And yet, nothing could be further from the testimony of Scripture. The gospel does not merely offer salvation—it offers the knowledge of salvation. The message of Christ crucified and raised is not meant to leave the believer in a state of uncertainty, but to ground them in joyful confidence. The assurance of faith is not an accidental byproduct of spiritual maturity; it is part and parcel of what it means to rest in Christ alone.

Our challenge today is not that the promise has weakened, but that our perception of it has become clouded. We have, perhaps unintentionally, reduced assurance to a feeling—when in reality, it is a truth. And like all truths grounded in God’s covenantal faithfulness, it does not shift with the wind. The question, then, is not whether assurance is possible, but whether we are looking for it in the right place.

The Great Anchor: God's Promises Across Scripture

To speak about assurance, we must begin not with the internal life of the believer, but with the external, objective Word of God. This may seem counterintuitive in an age that prizes experience and emotion as the most authentic markers of truth, but the Reformed tradition—and more importantly, Scripture itself—bids us look elsewhere: to the unchanging character of God and His covenantal promises.

From the earliest pages of Scripture, the people of God are presented not as those who earn their standing before Him, but as those who receive it. Abraham, the father of faith, believed God, and it was credited to him as righteousness (Gen. 15:6). The promise came first. His response was one of trust. And on that basis, the Scriptures declare him justified.

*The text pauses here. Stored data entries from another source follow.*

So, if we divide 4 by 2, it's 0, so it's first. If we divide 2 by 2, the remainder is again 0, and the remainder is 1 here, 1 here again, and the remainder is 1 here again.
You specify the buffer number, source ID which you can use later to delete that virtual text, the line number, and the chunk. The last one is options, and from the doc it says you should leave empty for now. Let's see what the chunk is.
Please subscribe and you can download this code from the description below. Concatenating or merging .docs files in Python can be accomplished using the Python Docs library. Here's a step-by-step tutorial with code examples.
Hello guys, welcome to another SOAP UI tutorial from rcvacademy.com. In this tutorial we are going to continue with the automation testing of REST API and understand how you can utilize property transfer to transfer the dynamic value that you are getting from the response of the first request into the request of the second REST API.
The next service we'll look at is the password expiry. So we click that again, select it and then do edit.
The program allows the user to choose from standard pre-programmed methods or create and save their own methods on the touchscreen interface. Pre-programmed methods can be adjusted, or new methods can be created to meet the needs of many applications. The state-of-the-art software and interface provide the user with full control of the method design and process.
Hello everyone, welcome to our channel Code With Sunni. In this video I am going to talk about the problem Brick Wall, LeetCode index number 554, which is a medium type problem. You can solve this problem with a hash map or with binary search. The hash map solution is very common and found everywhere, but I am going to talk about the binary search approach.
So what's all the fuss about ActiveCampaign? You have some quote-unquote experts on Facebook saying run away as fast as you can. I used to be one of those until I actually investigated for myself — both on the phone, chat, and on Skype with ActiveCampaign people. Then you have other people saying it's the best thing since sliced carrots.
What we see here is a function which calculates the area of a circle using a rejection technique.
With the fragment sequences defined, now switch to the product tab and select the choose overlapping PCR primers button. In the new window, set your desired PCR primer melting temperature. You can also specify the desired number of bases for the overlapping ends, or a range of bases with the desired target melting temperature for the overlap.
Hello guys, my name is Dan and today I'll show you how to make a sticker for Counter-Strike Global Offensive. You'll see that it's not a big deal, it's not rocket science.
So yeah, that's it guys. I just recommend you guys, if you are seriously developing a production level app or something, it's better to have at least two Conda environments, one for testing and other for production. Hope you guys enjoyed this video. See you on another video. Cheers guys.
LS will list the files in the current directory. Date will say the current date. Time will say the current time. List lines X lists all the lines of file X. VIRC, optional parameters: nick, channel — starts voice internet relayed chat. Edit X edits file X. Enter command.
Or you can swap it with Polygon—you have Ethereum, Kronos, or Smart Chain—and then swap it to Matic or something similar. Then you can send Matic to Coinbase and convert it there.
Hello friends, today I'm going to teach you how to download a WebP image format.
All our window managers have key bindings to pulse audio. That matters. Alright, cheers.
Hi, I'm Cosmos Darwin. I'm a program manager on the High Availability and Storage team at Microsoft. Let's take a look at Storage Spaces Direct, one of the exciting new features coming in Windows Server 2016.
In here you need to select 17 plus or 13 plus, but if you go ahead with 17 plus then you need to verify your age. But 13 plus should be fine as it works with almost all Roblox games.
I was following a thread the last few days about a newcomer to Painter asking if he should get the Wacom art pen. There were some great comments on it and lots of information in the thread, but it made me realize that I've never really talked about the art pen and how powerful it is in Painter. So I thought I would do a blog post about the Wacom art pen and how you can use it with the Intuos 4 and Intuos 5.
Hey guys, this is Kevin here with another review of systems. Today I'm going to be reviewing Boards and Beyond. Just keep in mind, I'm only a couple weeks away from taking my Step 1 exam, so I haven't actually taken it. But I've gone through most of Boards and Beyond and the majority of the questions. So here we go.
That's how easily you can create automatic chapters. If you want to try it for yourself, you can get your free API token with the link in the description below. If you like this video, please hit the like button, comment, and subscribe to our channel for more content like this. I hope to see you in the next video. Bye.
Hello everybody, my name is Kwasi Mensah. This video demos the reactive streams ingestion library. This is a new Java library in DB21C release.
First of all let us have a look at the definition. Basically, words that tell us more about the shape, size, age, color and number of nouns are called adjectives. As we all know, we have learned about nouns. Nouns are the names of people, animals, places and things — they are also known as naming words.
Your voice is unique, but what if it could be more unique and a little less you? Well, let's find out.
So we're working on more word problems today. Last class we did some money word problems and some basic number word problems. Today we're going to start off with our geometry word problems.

The Psalms, rich in personal reflection, do not hide the struggles of the soul. And yet, again and again, we find the Psalmists anchoring their confidence not in their inner strength, but in God’s steadfast love. Psalm 32 opens with a jubilant declaration: “Blessed is the one whose transgression is forgiven, whose sin is covered.” This is the voice of a man who knows—by God’s own Word—that he has been pardoned. In Psalm 103, David assures us that the Lord “does not deal with us according to our sins…as far as the east is from the west, so far does He remove our transgressions from us.” Such language cannot be mistaken for ambiguity. It is the language of certainty rooted in God’s covenant mercy.

The New Testament intensifies this theme. Paul, in Ephesians 1 and 2, details the gospel’s benefits with remarkable clarity: redemption, forgiveness, adoption, the sealing of the Spirit. And all of these are “according to the riches of His grace.” In chapter 2, Paul reminds us that we are saved by grace through faith, and that not of ourselves; it is the gift of God. The emphasis could not be more emphatic: salvation is of the Lord, and so is the assurance that accompanies it.

Romans 8 and the Witness of the Spirit: Not Apart from the Word

Among the most comforting and doctrinally rich chapters in all of Scripture is Romans 8. There, Paul declares that “There is therefore now no condemnation for those who are in Christ Jesus.” But Paul does not stop at justification. He moves seamlessly into adoption, and there introduces a vital dimension of assurance: the internal witness of the Spirit.

The Spirit Himself bears witness with our spirit that we are children of God (Rom. 8:16).

What are we to make of this “witness”? Is it a mystical feeling? An emotional surge? A whisper detached from the Word?

The Reformed tradition gives us a far more grounded answer. The Holy Spirit does not testify apart from the Word of God. Rather, He presses the Word into the soul of the believer. The Heidelberg Catechism puts it this way: “The Holy Spirit assures me of eternal life through the gospel.” That is, the same Spirit who inspired the Word now applies it inwardly. It is the Spirit’s affirmation that the gospel is not merely true in the abstract, but true for me.

Theologians sometimes debate whether Romans 8:16 refers to a “joint witness” (with our spirit) or an “internal witness” (to our spirit). However we parse the grammar, the result is the same: the believer is granted a deep and real awareness of sonship, not by looking inward, but by hearing afresh the Word of God, through the Spirit, declaring, You are mine.

This is why assurance, rightly understood, is deeply personal yet never private. It is not divorced from Scripture. It is bound to it, clarified by it, and continually nourished through it. The Spirit does not shout over the Word; He echoes it in the depths of our hearts.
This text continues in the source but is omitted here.